Часто существует синхронная связь между серьезными изменениями во внутренней психике человека и внешним миром, и это можно увидеть в жизни Мёэ. Записи «Дневника снов» от 1220 года отражают важные изменения, происходящие в его психике; хотя сам Инцидент в Дзёкую произошел вскоре после этого в 1221 году, формирующие факторы вступали в силу с предыдущего года. Жители района Киото, включая Мёэ, должны были предвидеть грядущие перемены, и некоторые сны Мёэ обладали пророческим даром.

Есть два главных сна этого периода, которые я озаглавил Сон о Мяо Шань и Сон о покое тела и разума. Оба указывают на глубину религиозного сознания Мёэ, первый — с точки зрения его отношений с женщинами, а второй — с точки зрения его образа жизни. Позже я рассмотрю их подробно. Теперь позвольте мне представить первый сон, который, как полагают, имел место в 1220 году.

Во сне, увиденном в течение одной ночи во втором месяце, я пересек большой океан в лодке. Что-то плыло по морю. Это было около пяти дюймов в диаметре и золотого цвета. Оно прилетело мне на руку, как только я попытался схватить его.

Путешествия в недра психики часто обозначаются путешествиями на лодке.

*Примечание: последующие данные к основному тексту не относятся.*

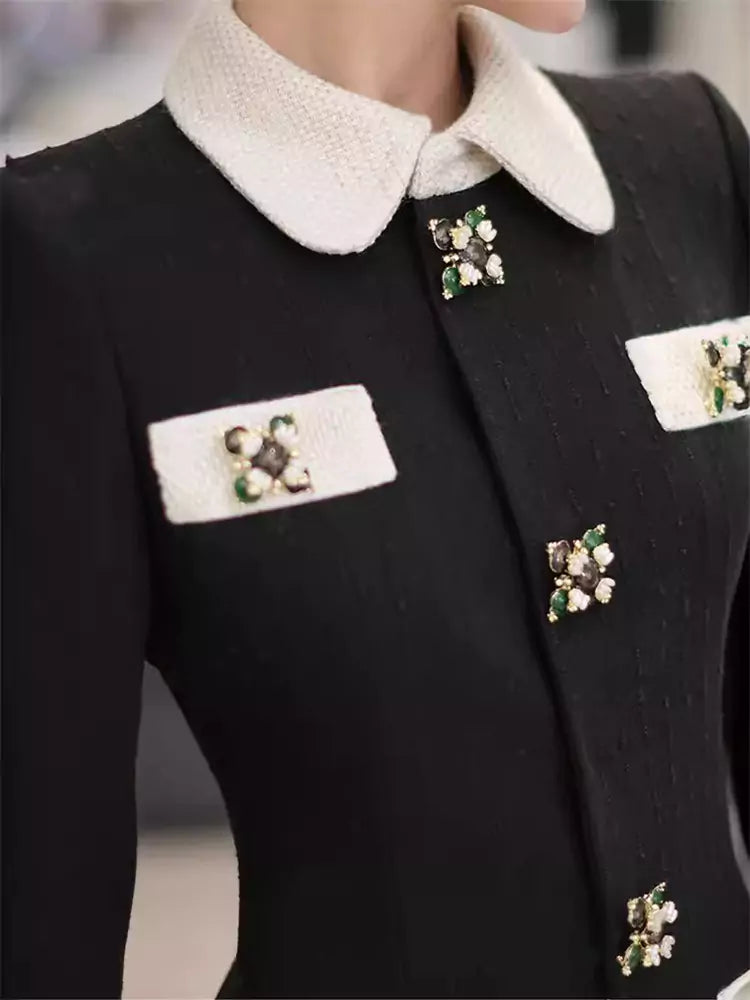 Retro-Kleid mit Knopfleiste und Farbblock-Design, tailliert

Мы не знаем, что в этом сне означает неожиданная находка, но, как мы увидим позже, золотой объект предвещает приобретение бесценного сокровища, которое в конечном итоге приводит к Сну о Мяо Шань.

Запись в «Дневнике сновидений» гласит, что «с седьмого месяца [1220 года] [Мёэ] занимался интенсивной практикой медитации на сияние Будды», и в этот период сосредоточенной практики он получил множество благоприятных знаков. На двадцать девятый день того же месяца, он начал дремать, в то время как совершал некоторые обрядовые действия перед статуей Будды. У него было «видение великих ворот. Никто не проходил через них много лет, но ребенок открыл ворота так, что люди могли пройти». Мёэ был вне себя от радости, потому что он чувствовал, что получил разрешение Будды, воплощенного перед ним. Такие знаки продолжали появляться с большой частотой, в конечном итоге приводя ко Сну о покое тела и разума.

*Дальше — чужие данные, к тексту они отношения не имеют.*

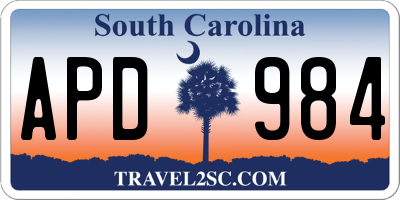 SC license plate APD984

Инцидент в Дзёкую был короткой, но решающей военной стычкой, которая привела к консолидации власти в руках военного правительства. Удалившийся от дел император Го-Сиракава возглавил оппозиционное движение, стремящееся отвоевать контроль над правительством у Сёгуната, но замысел дал обратный результат и привел к полному краху имперского правления. В то время Мёэ без колебаний предоставлял защиту вдовам дворян и воинам, принадлежащим к разгромленным имперским силам. Для него было естественным помогать тем, кто в беде, будь то друг или враг. Воины Камакура, которые только что победили имперскую армию, были возмущены поведением Мёэ, и они потащили его, чтобы он был наказан Ходзё Ясутоки — заместителем в Рокухаре. Говорят, что Мёэ столкнулся со своим похитителем с невозмутимым самообладанием и сказал: «Если то, что я сделал, создает проблемы для осуществления вашего правления, тогда отрежьте голову этого глупого священника». Ясутоки уважал Mёэ и раньше, и новый заместитель извинился перед священником Кодзан-дзи. Впоследствии между ними развилась тесная связь, и в конечном счете Ясутоки рассматривал Mёэ как учителя.

Jōei Statute созданный Ясутоки после Инцидента в Дзёкую является одним из самых революционных правовых документов в японской истории. Он действовал до вступления в силу Конституции Мэйдзи в конце девятнадцатого века, служа неофициальным правовым кодексом более шестисот лет. Я уже отмечал высказывание Шичихея Ямамото о том, что философия Мёэ «Как должно быть» была невидимым ключом к формулировке кодекса Ясутоки, который остается активной силой в регулировании жизни японцев даже сегодня.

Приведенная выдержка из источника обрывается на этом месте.